Goal of the exercise> Every line from the one containing "Iscream Team •" to the end of the records below must be copied exactly, and no pictures may be included.

Exercise materials>
━━━━
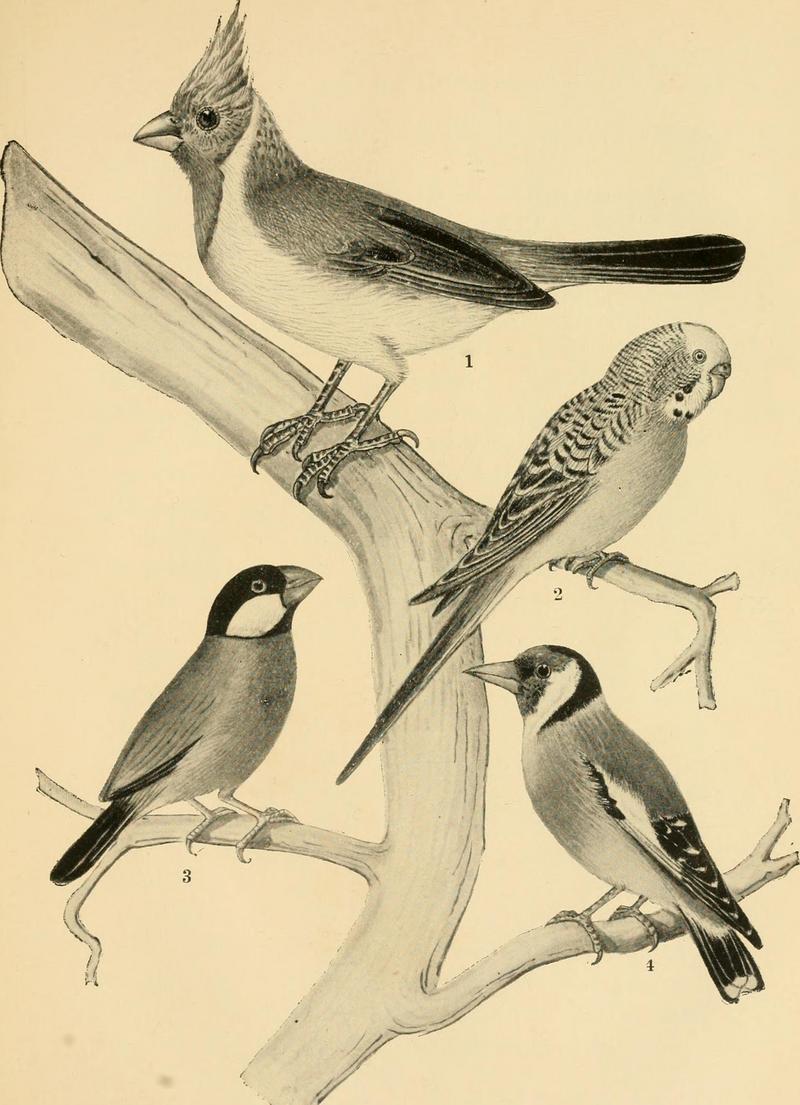 red-crested cardinal (Paroaria coronata), budgerigar (Melopsittacus undulatus), Java sparrow (Lonchura oryzivora), European goldfinch (Carduelis carduelis); DISPLAY FULL IMAGE.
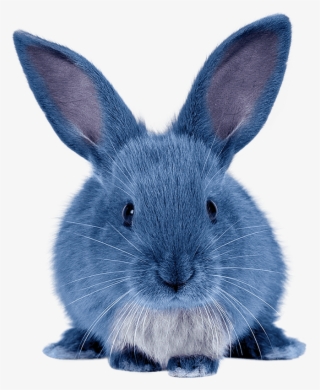 Iscream Team • Blue Bunny - Blue Bunny Ice Cream Blu #5468919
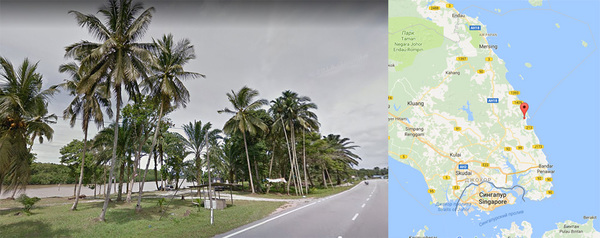 Картинка местности, полученная с помощью google-карт. Не смотря на то, что фотосъемка была выполнена в ноябре 2013 года, что почти на 4 года ранее нашего путешествия, обстановка на берегу реки Sedili Besar практически не изменилась.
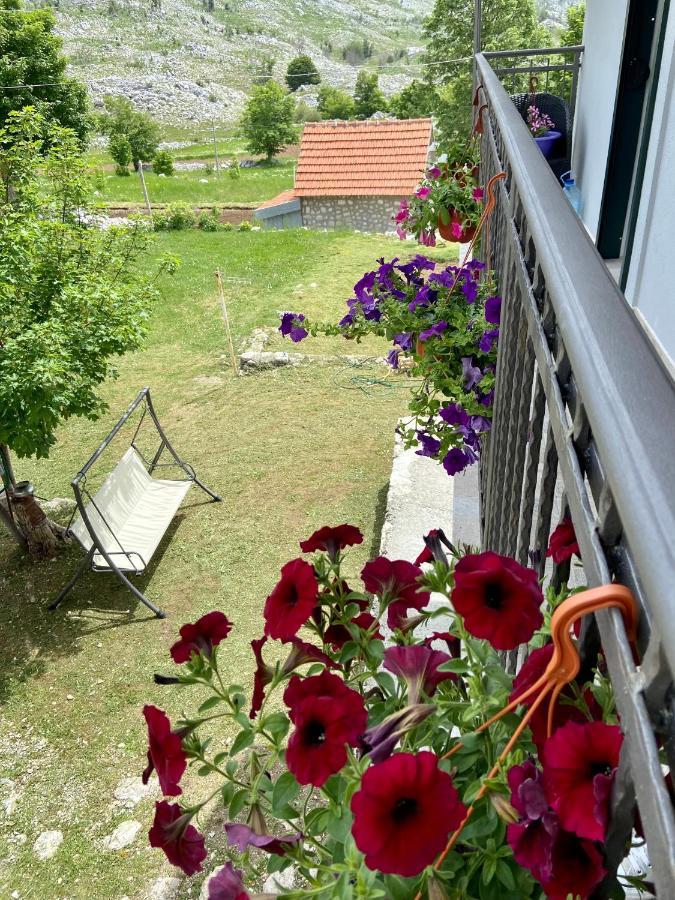 Guest House Markovic Lovcen Cetinje Dış mekan fotoğraf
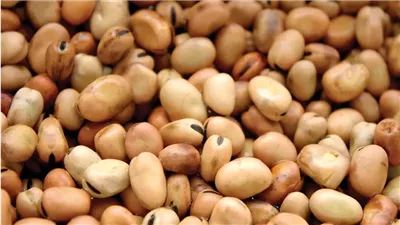 الفول البلدي والمستورد.. هل تستمر الأسعار في الثبات أم نشهد تغييرات قريبة؟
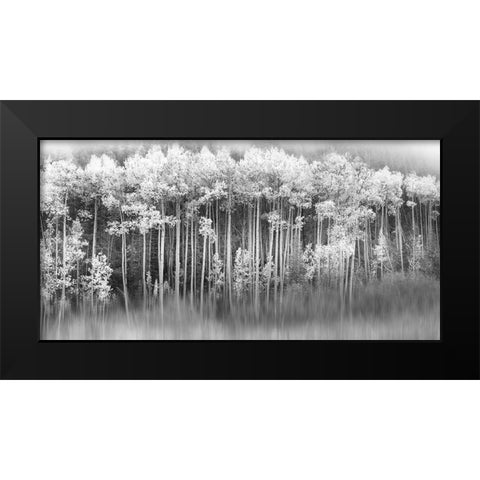 Dreamy Aspen Black Modern Wood Framed Art Print by Miller, Anna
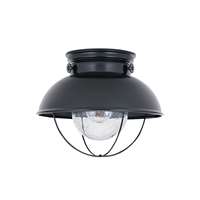 1-LT Outdoor Ceiling Flush Mount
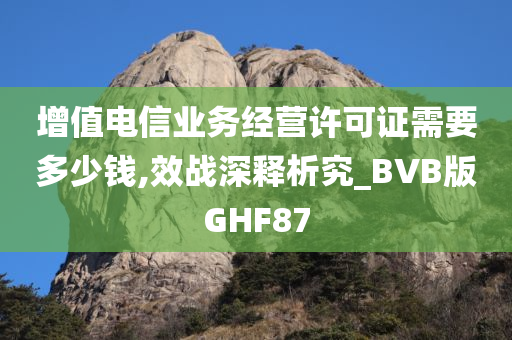 增值电信业务经营许可证需要多少钱,效战深释析究_BVB版GHF87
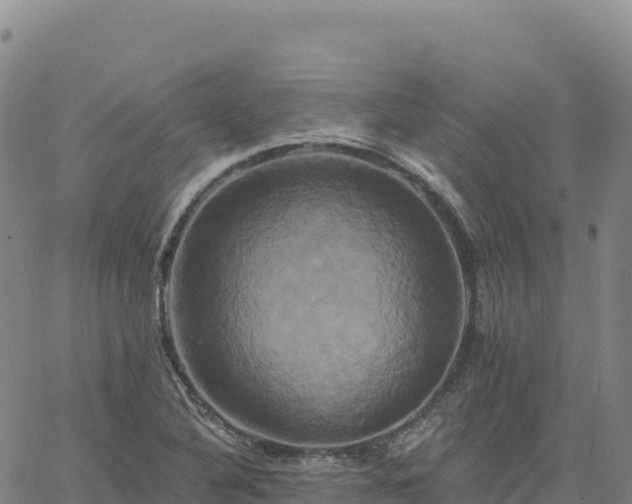 X0000061751316200512091626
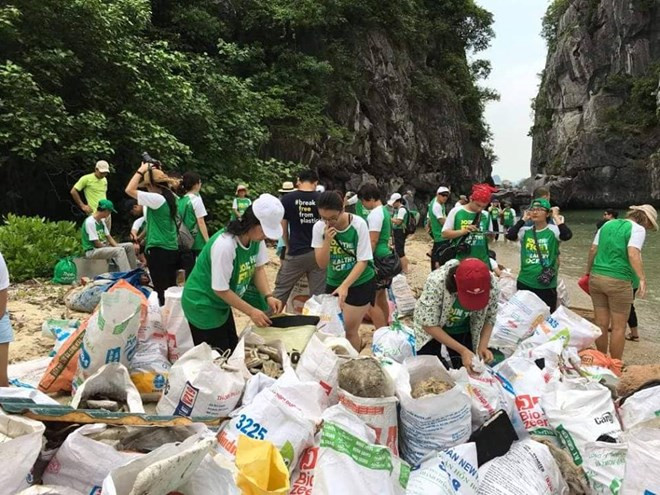 广宁省下龙市走向无垃圾旅游 打造绿色下龙湾 ảnh 2 广宁省下龙市走向无垃圾旅游 打造绿色下龙湾 ảnh 2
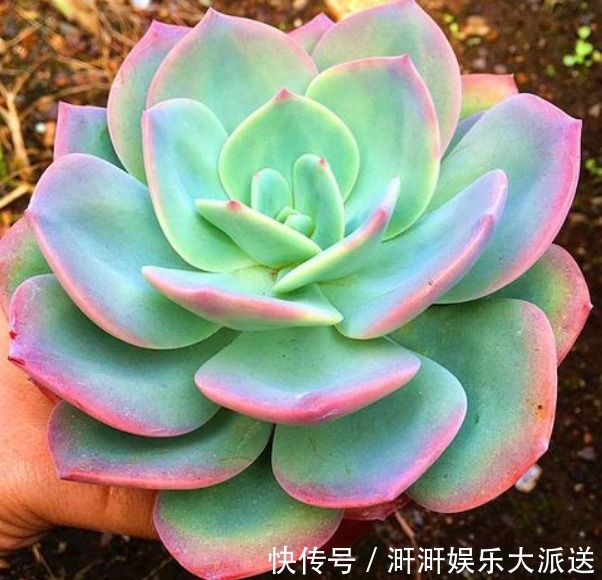 白凤|家中常备“巨无霸”多肉，养家里能撑场面，多肉爱好者们快养一盆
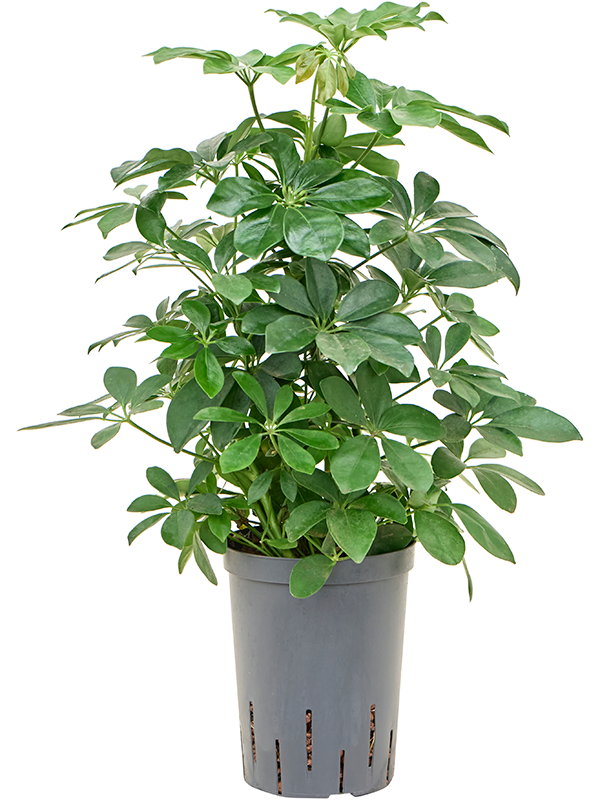 Schefflera arboricola 'Compacta'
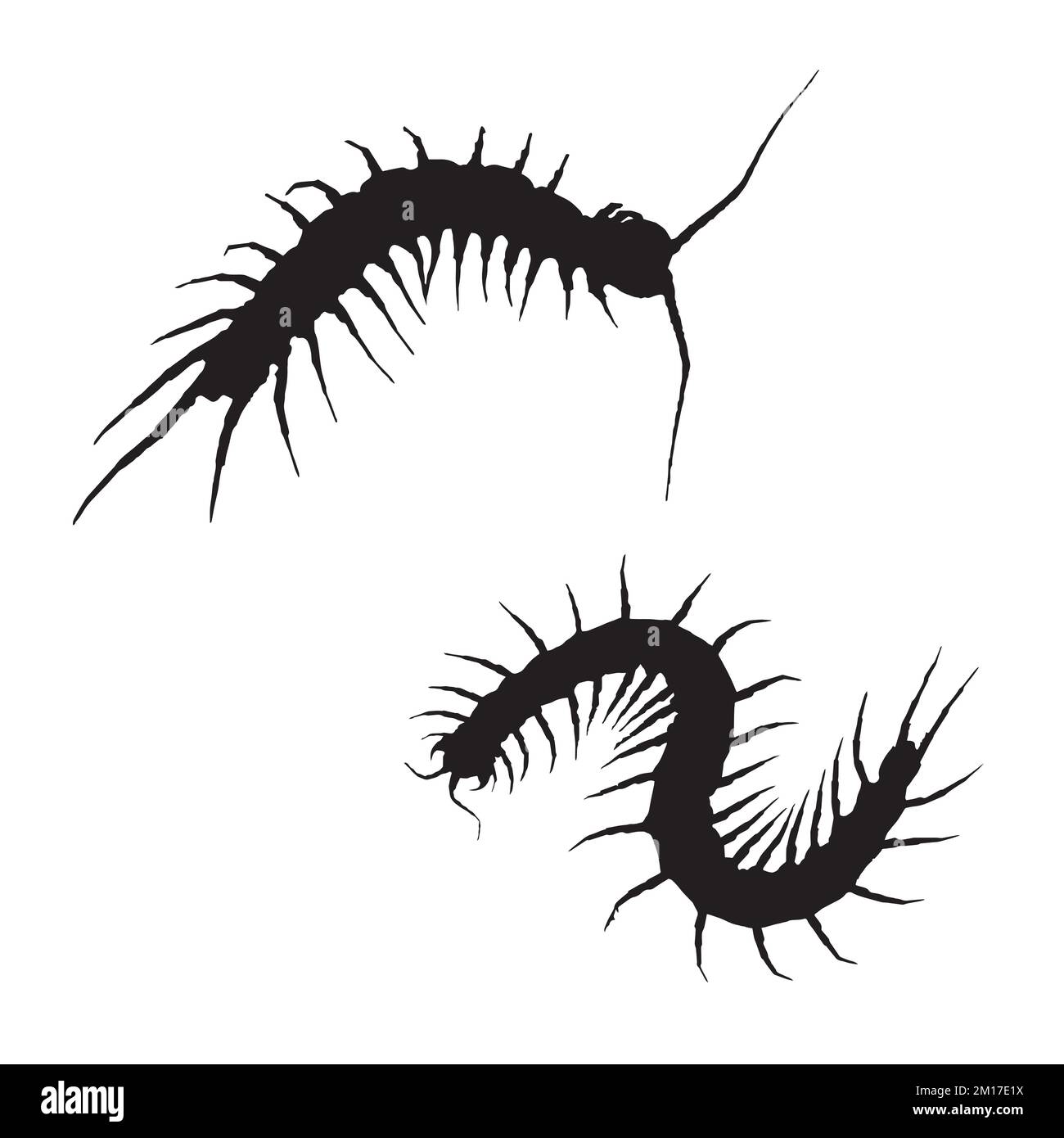 Centipede Silhouette Art Stock Vector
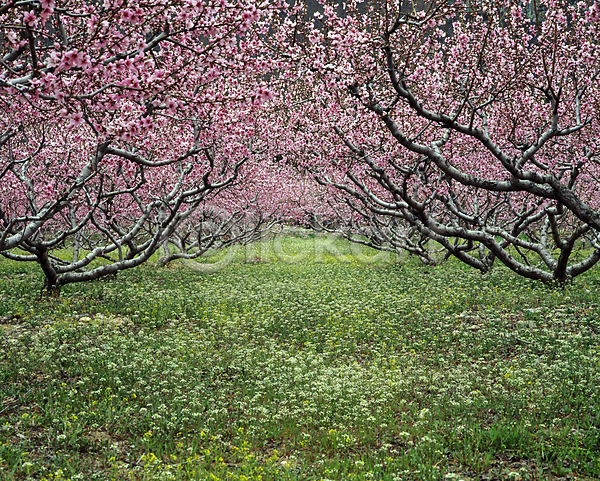 사람없음 JPG 포토 들꽃 복사꽃 복사나무 숲 야외 자연 주간 풍경(경치)
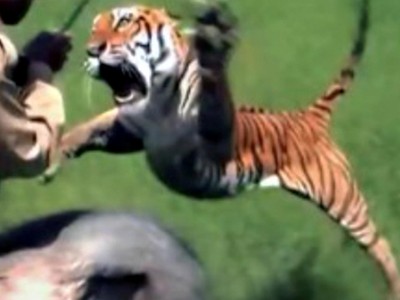 Luật đầu tiên cần phải nhớ khi đến Ấn Độ: Đừng bao giờ "giỡn mặt" một con hổ Bengal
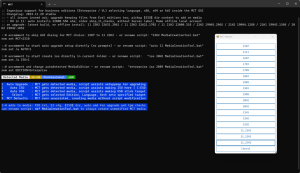 Windows10/11的系统镜像ISO定制脚本-龙之小站资源屋
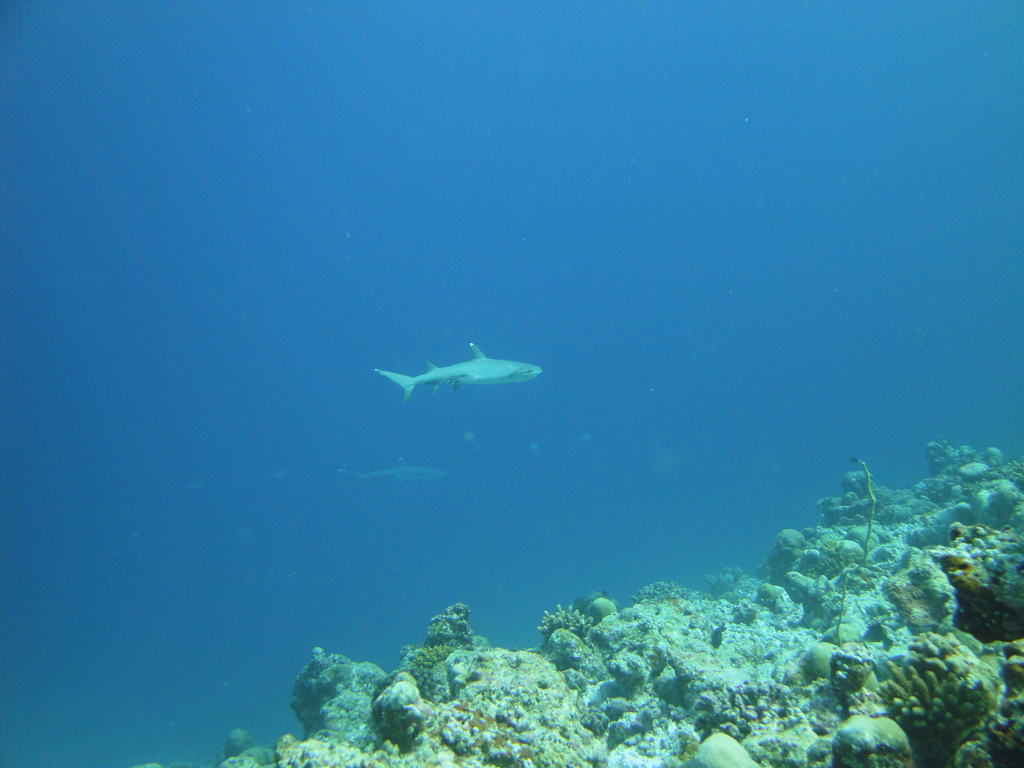 DSC00854.JPG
━━━━
Answer section>
 Iscream Team • Blue Bunny - Blue Bunny Ice Cream Blu #5468919
 Картинка местности, полученная с помощью google-карт. Не смотря на то, что фотосъемка была выполнена в ноябре 2013 года, что почти на 4 года ранее нашего путешествия, обстановка на берегу реки Sedili Besar практически не изменилась.
 Guest House Markovic Lovcen Cetinje Dış mekan fotoğraf
 الفول البلدي والمستورد.. هل تستمر الأسعار في الثبات أم نشهد تغييرات قريبة؟
 Dreamy Aspen Black Modern Wood Framed Art Print by Miller, Anna
 1-LT Outdoor Ceiling Flush Mount
 增值电信业务经营许可证需要多少钱,效战深释析究_BVB版GHF87
 X0000061751316200512091626
 广宁省下龙市走向无垃圾旅游 打造绿色下龙湾 ảnh 2 广宁省下龙市走向无垃圾旅游 打造绿色下龙湾 ảnh 2
 白凤|家中常备“巨无霸”多肉，养家里能撑场面，多肉爱好者们快养一盆
 Schefflera arboricola 'Compacta'
 Centipede Silhouette Art Stock Vector
 사람없음 JPG 포토 들꽃 복사꽃 복사나무 숲 야외 자연 주간 풍경(경치)
 Luật đầu tiên cần phải nhớ khi đến Ấn Độ: Đừng bao giờ "giỡn mặt" một con hổ Bengal
 Windows10/11的系统镜像ISO定制脚本-龙之小站资源屋
 DSC00854.JPG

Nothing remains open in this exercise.